* _Material shown_:
___
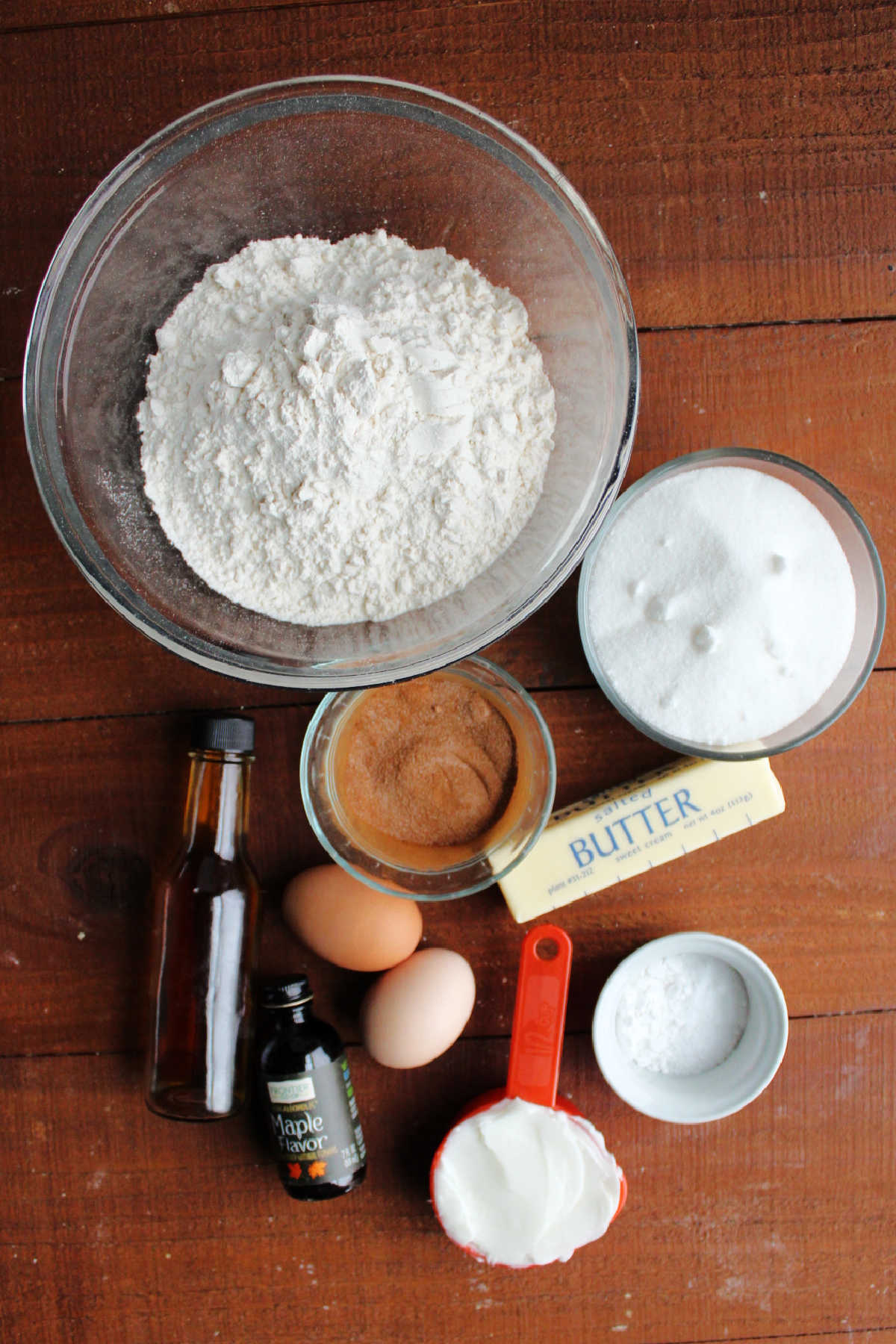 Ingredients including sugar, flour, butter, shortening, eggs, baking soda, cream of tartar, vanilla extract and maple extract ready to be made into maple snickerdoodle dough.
___
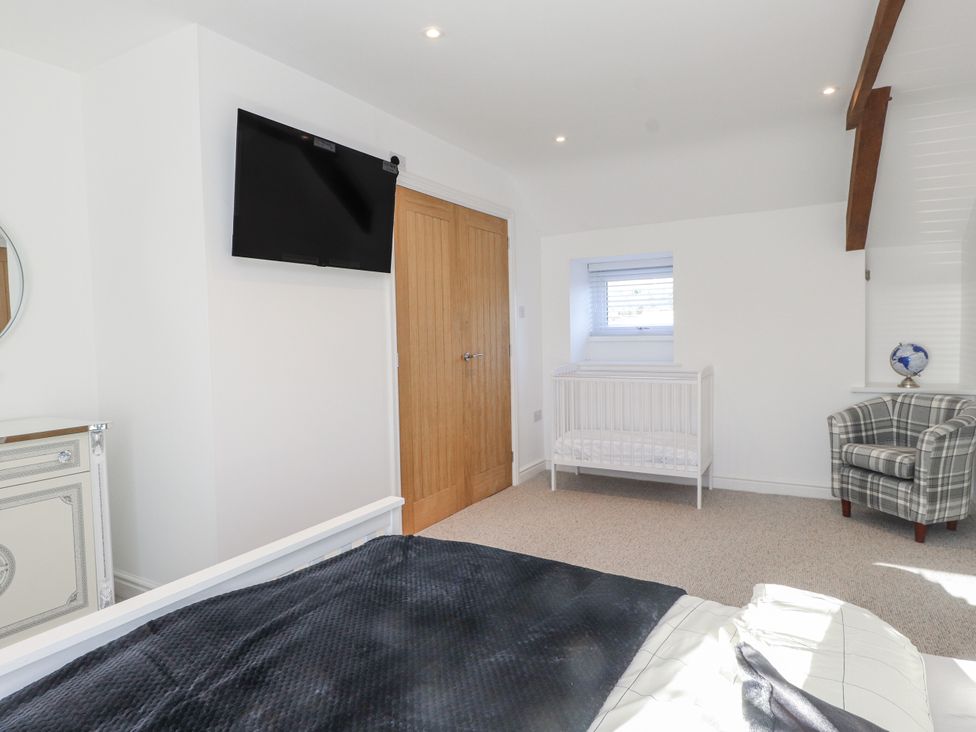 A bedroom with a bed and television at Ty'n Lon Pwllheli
___
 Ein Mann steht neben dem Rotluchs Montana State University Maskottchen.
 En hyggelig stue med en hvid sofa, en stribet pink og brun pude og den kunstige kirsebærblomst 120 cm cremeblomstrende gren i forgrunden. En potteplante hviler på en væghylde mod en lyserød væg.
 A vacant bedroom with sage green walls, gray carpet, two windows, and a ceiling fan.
___
* _What needs to be done_: In the listing above, the lines from the one containing "En hyggelig stue" through the one containing "A vacant bedroom" must be set down exactly, with no other lines.

* _Response area_:
 En hyggelig stue med en hvid sofa, en stribet pink og brun pude og den kunstige kirsebærblomst 120 cm cremeblomstrende gren i forgrunden. En potteplante hviler på en væghylde mod en lyserød væg.
 A vacant bedroom with sage green walls, gray carpet, two windows, and a ceiling fan.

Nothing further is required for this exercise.